I sat where I was, wondering what it must be like to have such a sense of place. I was born and raised in Helensburgh, but I feel no particular urge to return there. My childhood was happy, but I have no expectations that returning to live in Helensburgh would restore the joys of youth. If I was as ill as Hector, I certainly would not want to live very far from the best medical care.
The weather was still holding fair but there were more clouds this afternoon and they were darkening, although they did not yet threaten rain. I wandered along the shore of the loch and then returned to my cabin to freshen up before I joined father and daughter for dinner. Anya served venison steaks with potatoes boiled in their skins and tinned carrots. She cut up the meat for her father and kept one eye on him, but he fed himself, emptying his plate.
The evening did not go as Anya had planned. Hector was lively after his afternoon nap and he reminisced about his boyhood for almost two hours, after which his eyes abruptly closed, and he was asleep on his feet as his daughter manhandled him to his bedroom. I wished them ‘goodnight’ and returned to my cabin.
Hector’s father had been head gamekeeper to the Earl that owned the estate. The boy was born in one of a row of cottages close to the stables and less than quarter of a mile from the mansion which the owner and his friends occupied for about six weeks in the year. It was during that brief period that Hector’s most vivid memories were formed.
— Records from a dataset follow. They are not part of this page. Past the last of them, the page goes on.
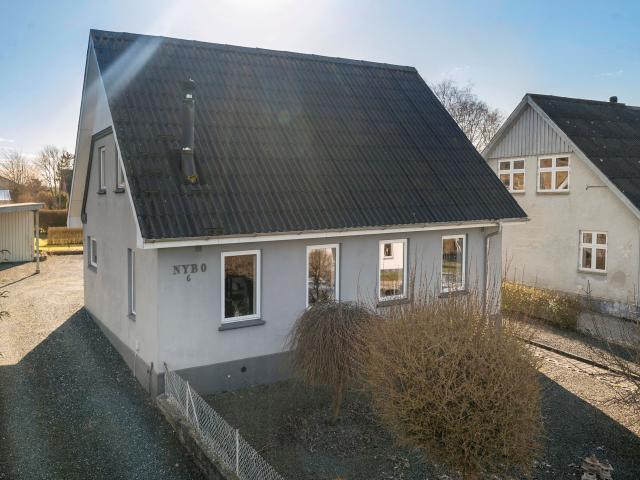 Villa til salg i Brønderslev-Dronninglund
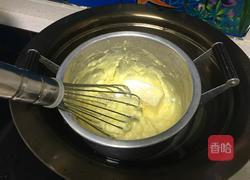 8寸轻芝士蛋糕的做法图解5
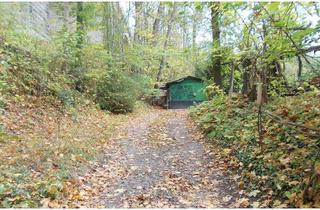 Grundstück zu kaufen in Karolinenstraße, 99817 Eisenach, Bauland und Gartenfläche in Eisenach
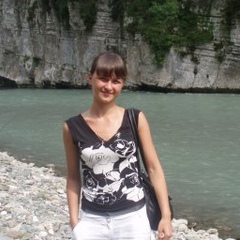 Юля Дьяконова, 37 лет, Александров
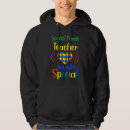 Search for special hoodies Awareness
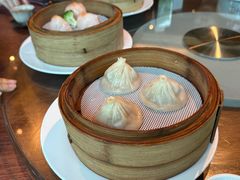 -蛇口希尔顿南海酒店·随轩中餐厅·粤菜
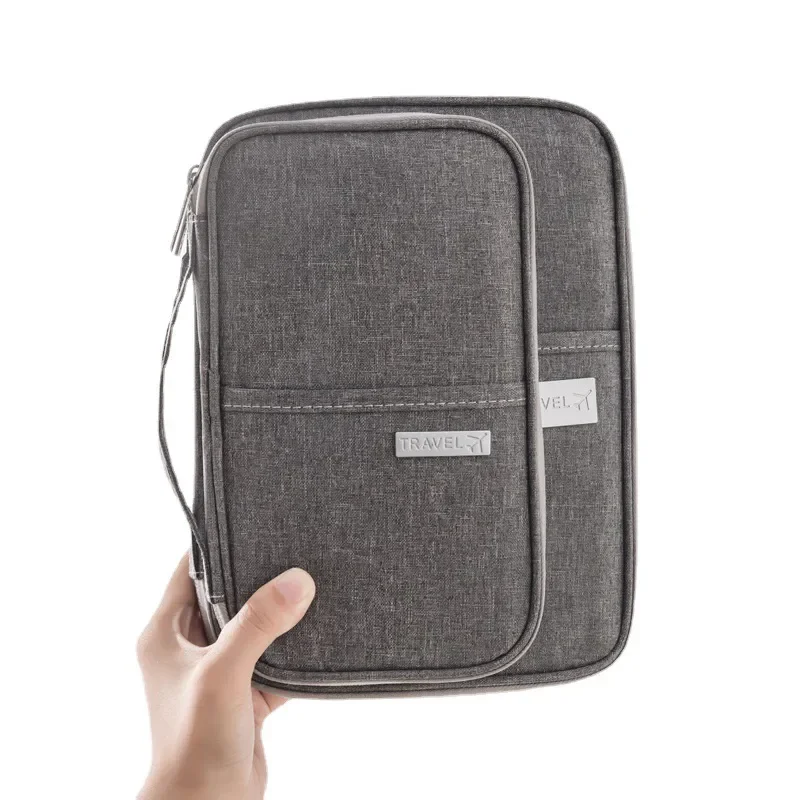 Bolsa de avião de viagem portá - Travel Accessories Kmart avaliação e preço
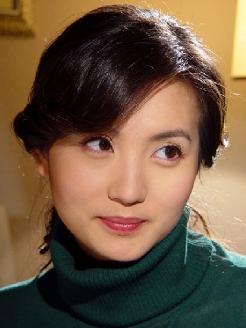 电视剧《美女也愁嫁》陈好饰沈恬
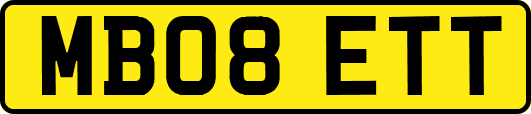 MB08ETT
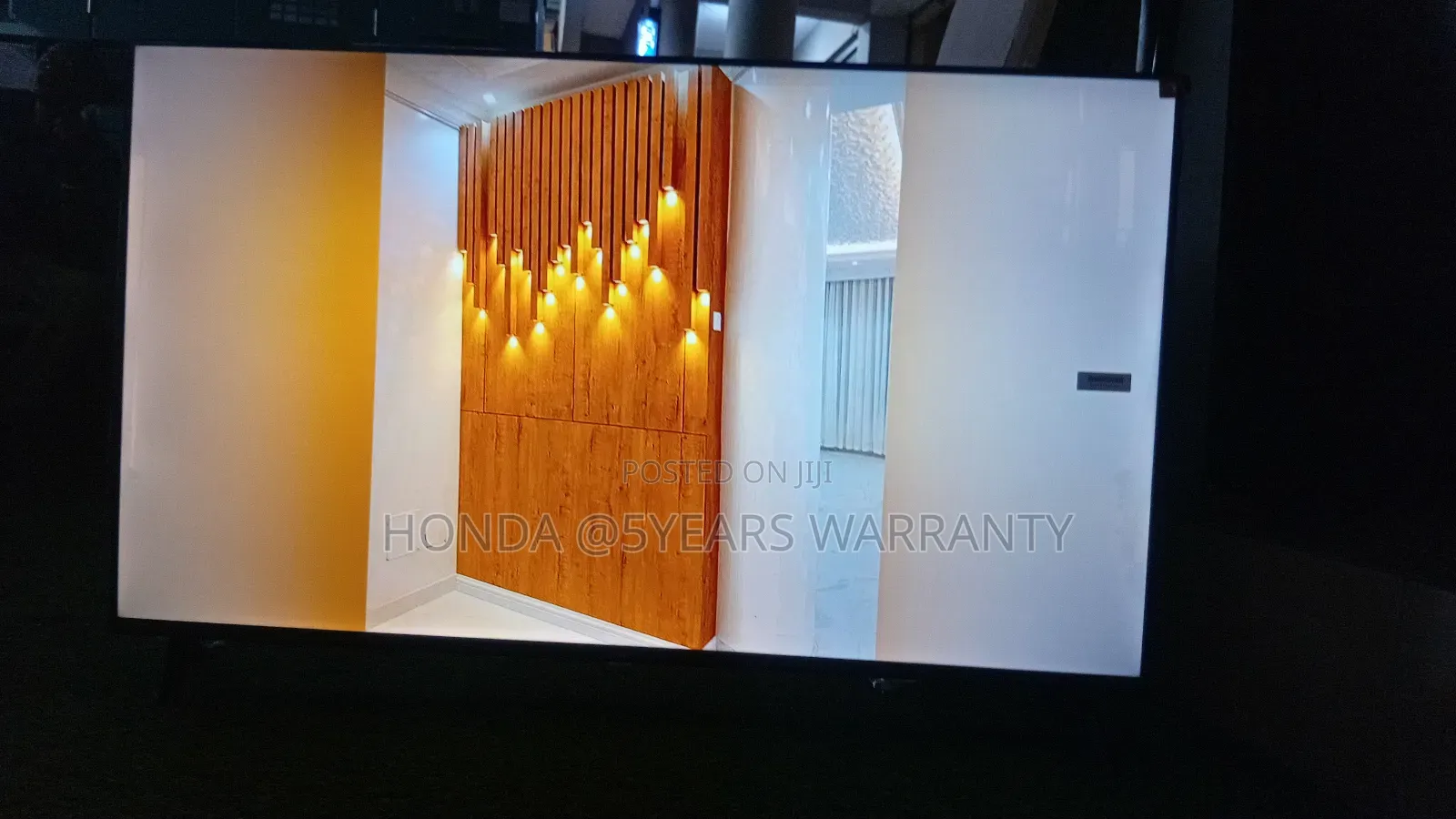 High-Speed Visual Engine TCL Smart Tv 43 Inches | 43 Inches Tv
Loch Dochard only holds trout, so it did not feature in the parties formed to catch salmon; the laird and his family often picnicked on the shores, however, with the children pulling brown trout from the lochan while the parents took their ease. The area around the loch was at its busiest in the stalking season.
On the far side of the water from the cosy cabin where Hector was reminiscing, there was a stone-built stable with a slate roof, the remains of which Anya promised to show me before I left. Hector and the other boys brought the gearran down from the big house and slept in the loft above their charges, while his father organised the stalking of the deer.
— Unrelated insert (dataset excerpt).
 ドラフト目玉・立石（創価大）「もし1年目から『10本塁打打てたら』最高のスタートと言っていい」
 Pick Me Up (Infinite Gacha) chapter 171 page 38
The gearran is a Highland pony specially trained to carry the carcases of deer off the hill. Horses become very uneasy around dead animals, so the ponies are introduced to the pelt of deer. It is first laid on the ground and a treat such as carrots or apples is strewn on it. When the ponies are comfortable with that, the skin will be placed on their backs. Hector played a big hand in the training, and he was the acknowledged leader of the horse boys sleeping rough at the loch-side.